Greg Fields

Profile
- Position: Defensive end

Personal information
- Born: January 23, 1955 (age 71)
- Listed height: 6 ft 6 in (1.98 m)
- Listed weight: 260 lb (118 kg)

Career information
- High school: Mission (San Francisco, California)
- College: Grambling State

Career history
- Detroit Lions (1978)*; Baltimore Colts (1979–1981); Atlanta Falcons (1982)*; Los Angeles Express (1983); San Antonio Gunslingers (1984–1985);
- * Offseason or practice squad member only
- Stats at Pro Football Reference

= Greg Fields (American football) =

American football player (born 1955)

Gregory Keith Fields (born January 23, 1955) is an American former professional football defensive end who played in the National Football League (NFL) and United States Football League (USFL).

==Early life==
Fields was born and grew up in San Francisco, California and attended Mission High School. He was an All-City selection in football as a junior and senior.

==College career==
Fields began his career at Hartnell College and was named All-Coast Conference as a sophomore before transferring to Grambling State for his final two years of eligibility.

==Professional career==
Fields was signed by the Detroit Lions as an undrafted free agent in 1978 but was cut during training camp. He was signed by the Baltimore Colts and spent the 1979 and 1980 seasons playing mostly special teams and as a reserve on the defensive line. Fields was cut by the Colts at the end of training camp in 1981. Fields was signed by the Atlanta Falcons during the 1982 offseason but was cut during training camp. After being cut he locked himself in his hotel room and told Falcons' defensive line coach Jim Stanley that he refused to be released and did not leave training camp until the police were called.

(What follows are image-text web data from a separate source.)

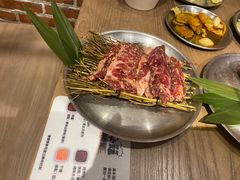 -西塔老太太泥炉烤肉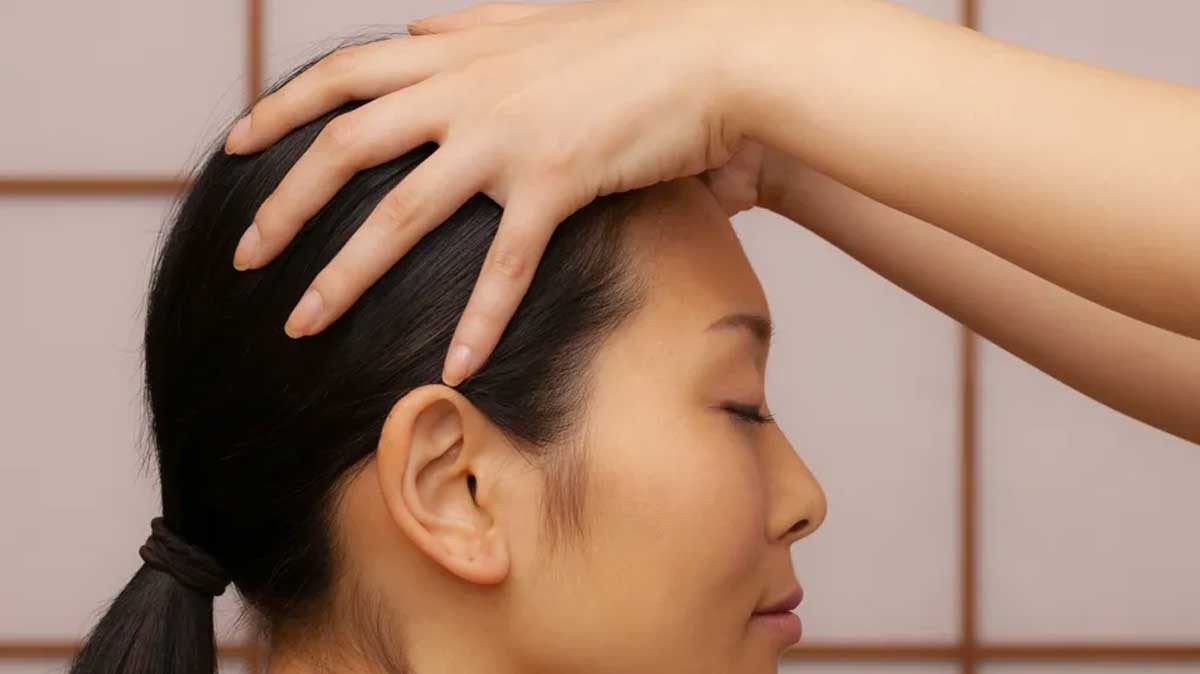 Massagem Capilar: Veja Os Benefícios E Como Fazer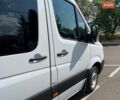 Белый Мерседес Sprinter, объемом двигателя 2.14 л и пробегом 369 тыс. км за 22000 $, фото 21 на Automoto.ua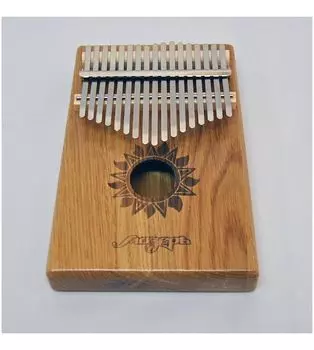 Калимба МОЗЕРЪ KMT-2 Sunrise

Essentially blackballed from the NFL, Fields was signed by the Los Angeles Express of the newly-formed United States Football League (USFL) in 1983. He finished second on the team with ten sacks during the 1983 season. Fields was cut at the end of training camp in 1984 and assaulted Express head coach John Hadl after being informed of his release. Fields was later signed by the San Antonio Gunslingers, where he played for two seasons until the USFL folded. He recorded 16.5 quarterback sacks in his career at USFL.